1.7 You agree to inform potential users of the Service of the above limitations and you understand and accept that you should always have an alternative means of accessing 999/112 emergency services.
1.8 Number portability may be unavailable with the Service. If you wish to port your telephone number to Belldial or your telephone number from Belldial to another provider, you may not be able to keep your telephone number. For more information on transferring your telephone number away from Belldial and to Belldial. To confirm if you can port to or away from Belldial, please email us at help@belldial.co.uk.
1.9 If you port-out your telephone number to another provider, the Service and this Agreement will not be cancelled automatically and you will remain responsible for payment of all subscription charges and other charges under this Agreement for their full term. Upon completion of a number port away from Belldial to another provider you will need to terminate this Agreement and your Service in accordance with clause 3.1 below.

 

2. Use of the Service, Suspension and Termination
2.1 You agree that you will use the Service in accordance with such instructions as we may notify to you from time to time and in accordance with any applicable laws and regulations. You are responsible for all activity and usage of the Service and for any breaches of this Agreement that may result. Any breach of security (for example, in connection with your username or password) must be notified to us immediately. To help avoid any unauthorised use of the Service it is your responsibility, where applicable, to choose a robust password combination and to change your password regularly. We shall have no liability for any loss or damage that may arise from your failure to choose a robust password combination or your failure to change your password regularly.

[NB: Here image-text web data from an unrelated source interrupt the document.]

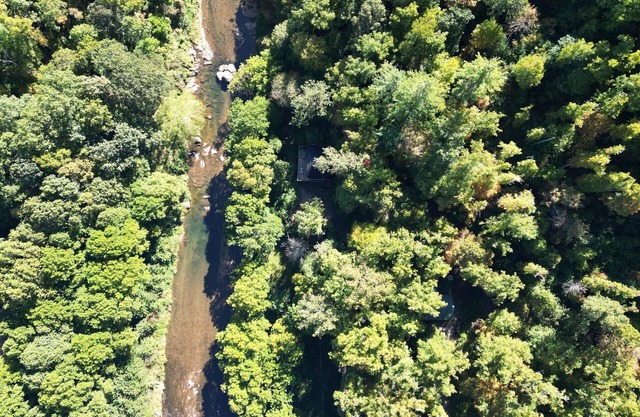 Riverfront in Burnsville near Asheville, Mt Mitchell, swim, fish, hike, ski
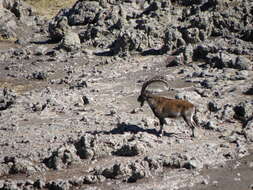 Image of Walia Ibex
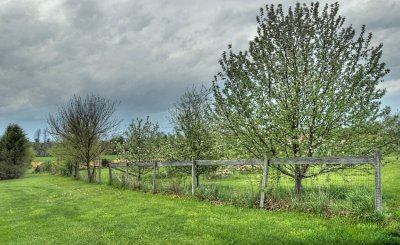 barnyard and pasture fenceline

You must ensure that the Service is not used, whether by you or by anyone else, for any unlawful or fraudulent purposes. You are responsible for all usage and charges on all devices and features including Belldial softphone and mobile clients registered with Belldal. You will bear the risk of loss and assume all liability arising from any prohibited, unauthorised or fraudulent usage of the Service. Any such prohibited, unauthorised or fraudulent use will be a material breach of this Agreement. You are responsible to secure all credentials used to access the Service, including credentials used by telephones or softphones and credentials used by end-users or administrators, as well as the media access control (MAC) address of telephones used by you.
You will not be excused from paying for the Service or any portion thereof on the basis that fraudulent calls and any charges associated therewith comprised a corresponding portion of the Service. In the event that Belldial discovers fraudulent calls being made, you consent to Belldial taking actions it deems reasonably necessary (including blocking access to particular calling numbers), without notice to you, to prevent such calls from taking place. You acknowledge and agree that Belldial: (a) is under no obligation to investigate the authenticity of calls charged to your account; (b) is under no obligation to take action to prevent such calls from being made; and (c) is not liable for any fraudulent calls processed by Belldial and billed to your account.
2.2 You may not use any automated means to manipulate the Service or use the Service to violate any law, rule, regulation, or any third parties’ intellectual property or personal rights. In particular, you agree that you will not use the Service nor allow others to use the Service:
2.2.1 to send a communication which is unlawful, harmful, threatening, defamatory, libelous, deceptive, abusive, obscene, offensive, harassing or racially or ethnically offensive, menacing or otherwise criminal in nature or in breach of any copyright, privacy or any other rights or any similar behavior;
2.2.2 to impersonate another person;
2.2.3 to send bulk unsolicited messages;
2.2.4 to facilitate illegal activity;
2.2.5 to depict sexually explicit images;
2.2.6 to promote unlawful violence, discrimination based on race, gender, age, disability, sexual orientation, religion and belief, gender reassignment or any other illegal activities; and /or
2.2.7 in a way that in Belldial’s reasonable opinion is likely to affect the quality of the Service or any other service provided by Belldial.
2.3 Belldial may remove or block all communications if Belldial suspects a violation of this Agreement, or if Belldial considers it necessary in order to protect the Service, or Belldial, its parent, affiliates, directors, officers, agents, and employees from harm.
2.4 You agree that the Service is for your own use in the course of your business only. You represent and warrant that you will be the ultimate end-user of the Service. You will not in any way resell, re-supply, license, permit or otherwise allow any third party to use the Service without receiving Belldial’s prior written consent, which may be withheld or conditioned in Belldial’s sole discretion.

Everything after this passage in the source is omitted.